How to program multilingual web sites

2.20/5 (5 votes)
21 Jun 2008CPOL8 min read 1   2  
How to enlarge web sites to support several languages

Introduction

Have you created a site and wish to spread it globally and add multilingual capabilities? Are you pondering on how to develop a site with several languages? If so, then this article is for you. I will discuss the several options of how to write sites that contain many languages. I will tell the pros and cons of each option while focusing on ease of use, ease of programming, and performance impacts.

Background

This guide is written by me, an experiences old school ASP (Active Server Pages) programmer. I believe the article will bear fruits even for the ASP.Net programmers out there, as they face the same fundamental problems when developing large scale projects. You should know your code to understand the implications of adding multilingual capabilities to it; I usually write my web projects, large as small, using Microsoft® Notepad®, so I know my code rather well. Be too!

Using the code

I don't supply a full archive of source code. I am supplying a general notion on how to prepare multi-language support.
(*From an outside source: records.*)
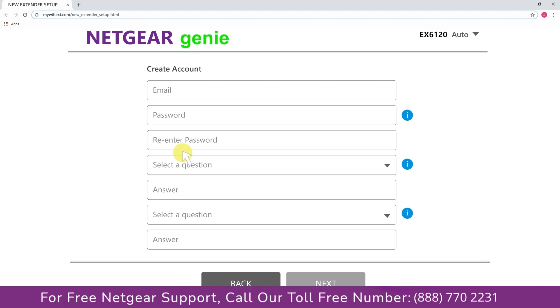Now fill in all the necessary details such as a valid email address and password, and once you are done, click on the next button.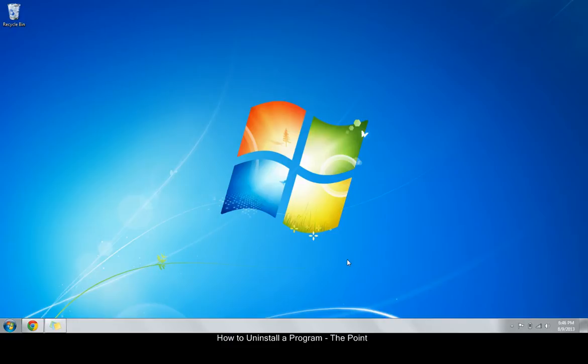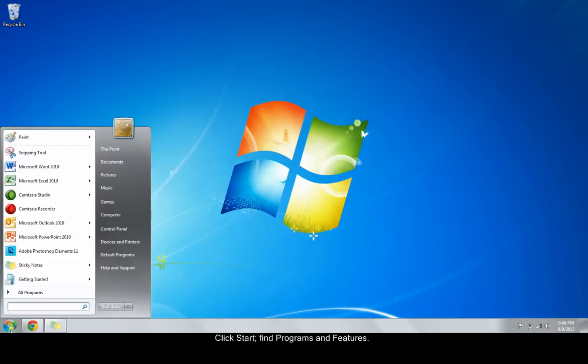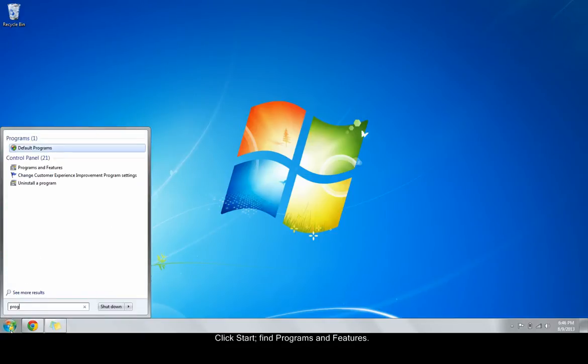In this example, we'll be uninstalling CaptureView from the computer. First, find the program by clicking the Start button and finding Programs and Features.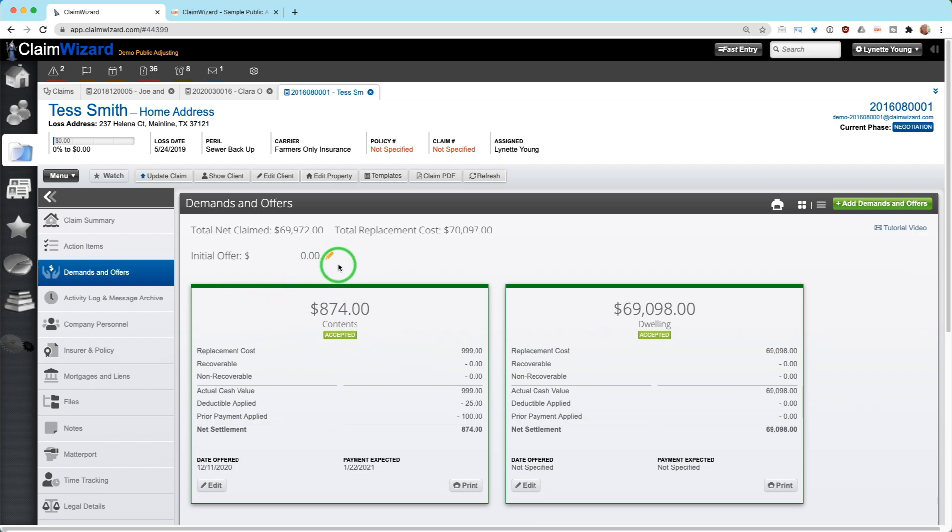One of the things with Claim Wizard is you have to match a demand amount to a check amount. If Claim Wizard does not know how much you asked for, it does not know how much you should receive. Now we understand that some companies receive checks before settlements are made. You can take that into account.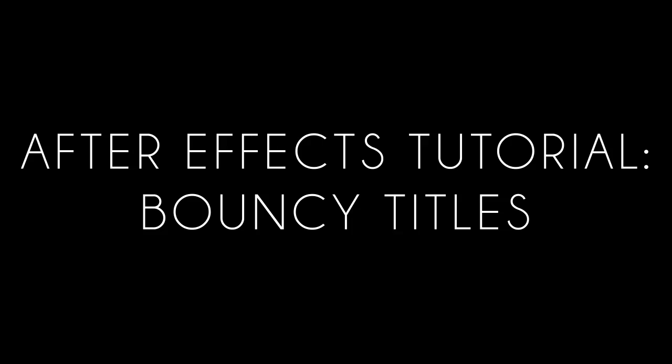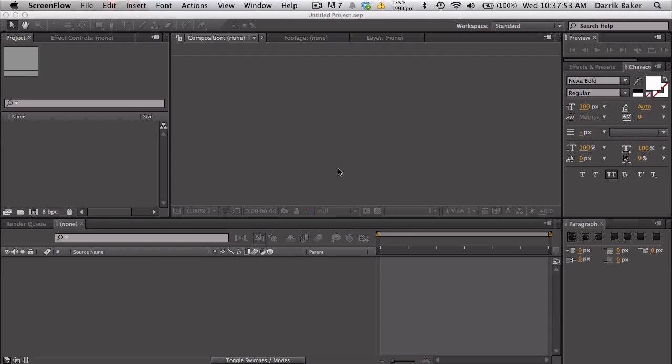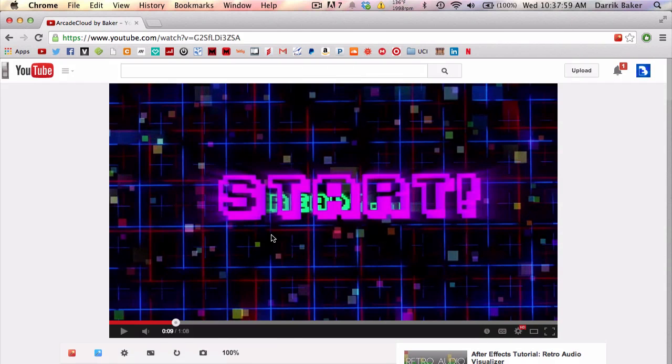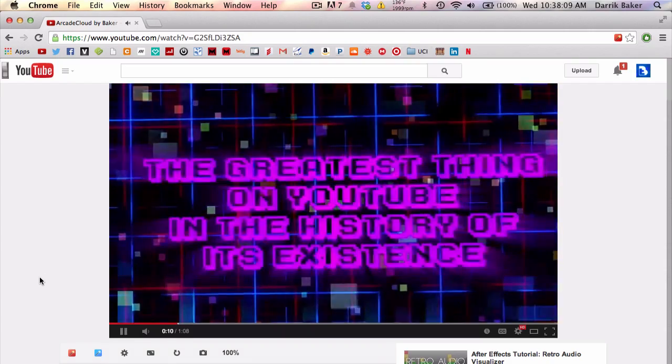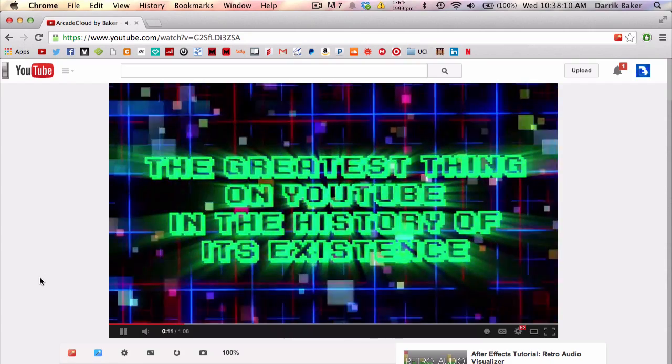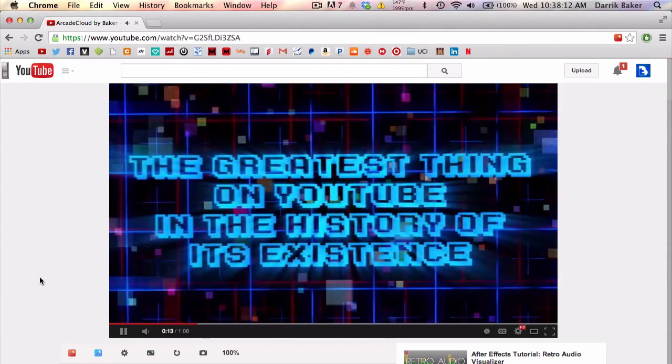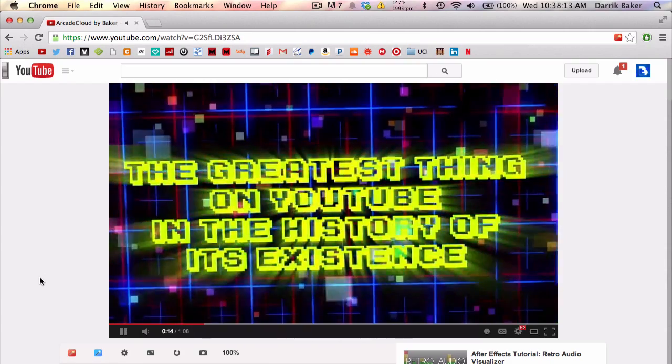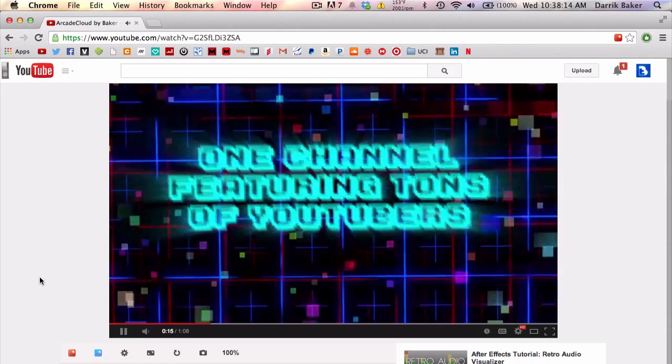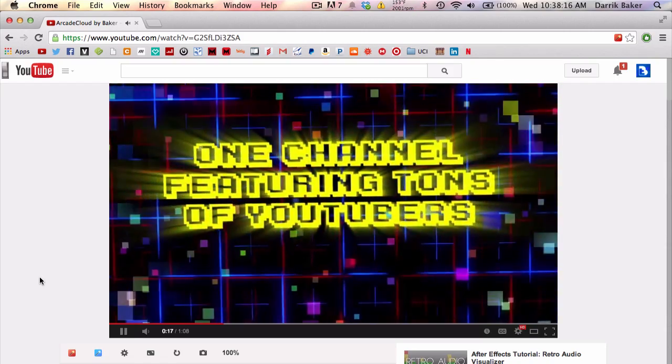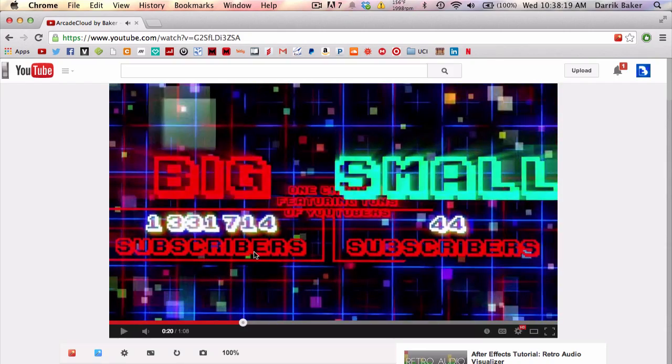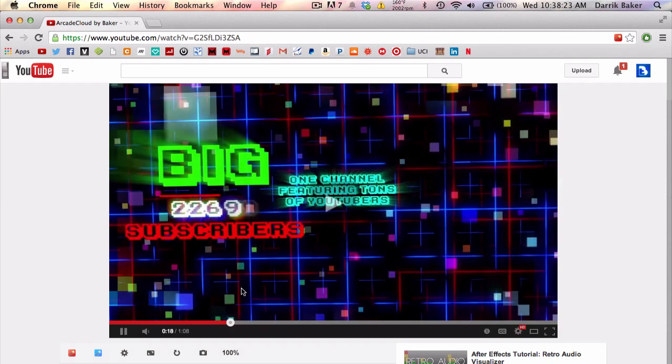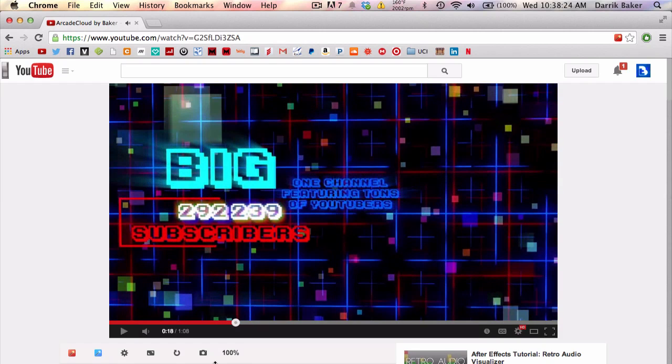What's up guys, Baker here. Today I got a tutorial, this is the bouncy titles tutorial. Basically what this is, in the Arcade Cloud promo it goes to each title and it's kind of bouncy. Let's take a quick preview of what we got. You can see when it goes to each new title it kind of bounces and wiggles back and forth a little bit and makes it pretty energetic and very fun.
The code I write below exhibits a general idea and should not be copied into your own web site; contemplate it and implement it in your site, if I had you convinced.

Main Article

Global expansion and the problem of multilingual support

I, myself, had the pleasure of being the lead programmer at Bono Pie LTD, Israel at the year 1999. I was only 19 of age at that time; as these were the pioneering years of web services, I was inexperienced as almost everyone else in the field of large scale web development. Nevertheless, and probably as oppose what you imagine until now, Bono Pie LTD had a durable success with about 20 employees, from which about four of them programmers in my team.
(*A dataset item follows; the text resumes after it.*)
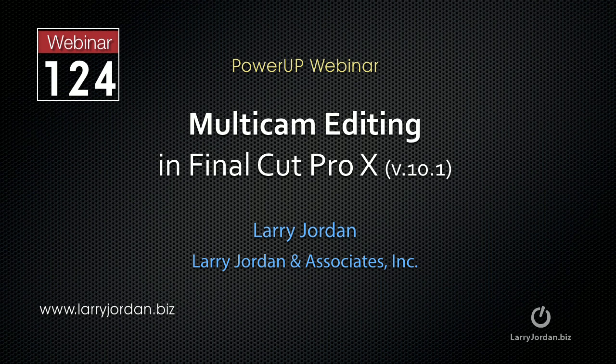This is an excerpt of a recent Power Up webinar taking a look at multicam editing in Final Cut Pro 10 version 10.1. My name is Larry Jordan. In this excerpt I'll show you how to create a multicam clip using audio syncing.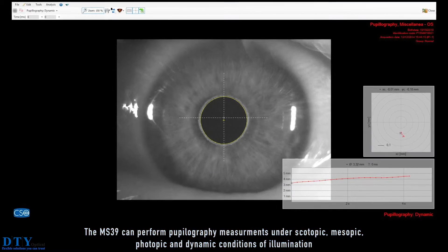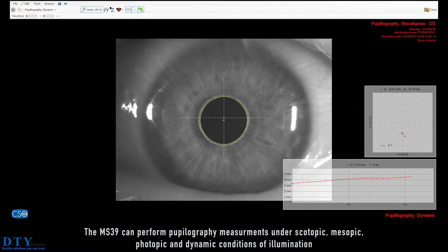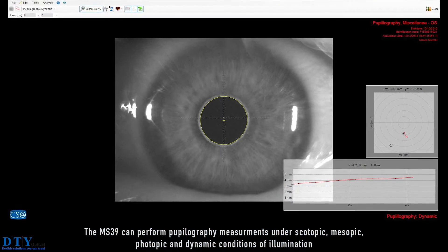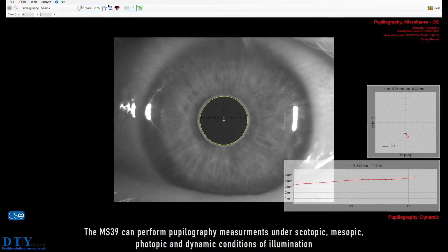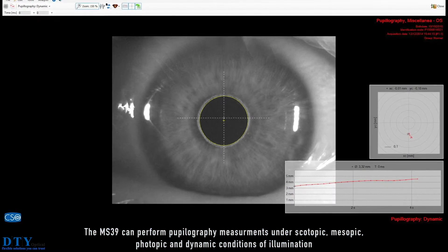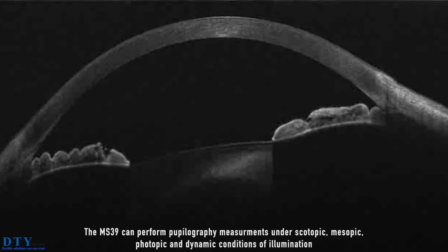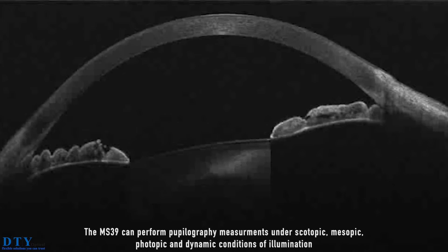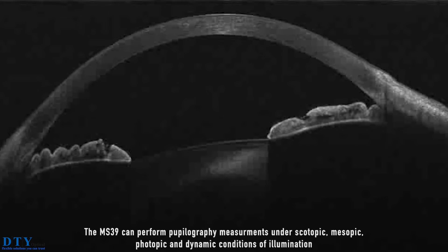The MS-39 can perform pupillography measurements under scotopic, mesopic, photopic, and dynamic conditions of illumination.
The site was programmed in ASP using VBScript and had many flashy HTML, CSS, Flash® files and other ornaments. Our database was Microsoft® SQL® server, after migrating from Microsoft® Access®, and had a lot of DBA hours, many of which my own. We worked hard every day to keep the business pace, creating new features and fixing up bugs.
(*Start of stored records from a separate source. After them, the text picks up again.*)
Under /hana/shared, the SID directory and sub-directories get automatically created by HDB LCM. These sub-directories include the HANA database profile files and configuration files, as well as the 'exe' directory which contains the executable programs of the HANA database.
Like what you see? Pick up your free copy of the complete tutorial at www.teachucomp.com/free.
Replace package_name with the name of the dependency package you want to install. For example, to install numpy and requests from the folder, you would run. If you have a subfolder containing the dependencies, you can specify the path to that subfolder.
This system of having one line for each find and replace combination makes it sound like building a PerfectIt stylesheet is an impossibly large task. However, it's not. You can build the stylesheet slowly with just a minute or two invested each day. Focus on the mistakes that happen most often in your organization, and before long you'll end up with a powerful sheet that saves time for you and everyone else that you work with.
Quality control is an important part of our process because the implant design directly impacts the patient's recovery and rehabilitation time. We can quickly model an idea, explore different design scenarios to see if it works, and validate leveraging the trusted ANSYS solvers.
Seeing in advance that supporting other languages will soon be needed, we started working on how to migrate our site. It wasn't an easy chore as the language of our site was Hebrew (the language used in Israel), in which the letters are written right-to-left (RTL). I will spare the thorough description about how to implement a site that supports LTR (left-to-right) and RTL altogether as I conceive that most of you will not bump into it. So, our problem is reduced to "How do I create the pages of web site to support different languages?"

First, let's examine what should be done. A code snippet from my site might look like this:
HTML
<table border=0>
    <tr width=100%>
        <td width=100%>
            Friends? Friends?!?
            We've only gone out together three times,
            and already you're telling me you want to be friends?
        </td>
    </tr>
</table>
In order to support multi-language I must somehow integrate the same text in several languages. A somewhat peculiar solution might be:
HTML
<table border=0>
    <tr width=100%>
        <td width=100%>
            <% if MyLanguage="English" then%>
                Friends? Friends?!?
                We've only gone out together three times,
                and already you're telling me you want to be friends?
            <% elseif MyLanguage="Spanish" then%>
                ¿Amigos? ¿Amigos?!?
                ¿Hemos salido solamente juntos tres veces,
                y ya me estás diciendo que quieres ser amigos?
            <% end if%>
        </td>
    </tr>
</table>
However, imprinting the texts here will complicate the ability for normal translators to translate the site; I will have to sit with them to see they don't break my code; this is an error prone resolution. In contrast, I will want to have a design that will allow me to combine all texts needed to be translated into a single point. Moreover, it is easy to see that human interaction must take part as some parts need to be translated, the text, while others, the HTML or ASP part, need not to be translated.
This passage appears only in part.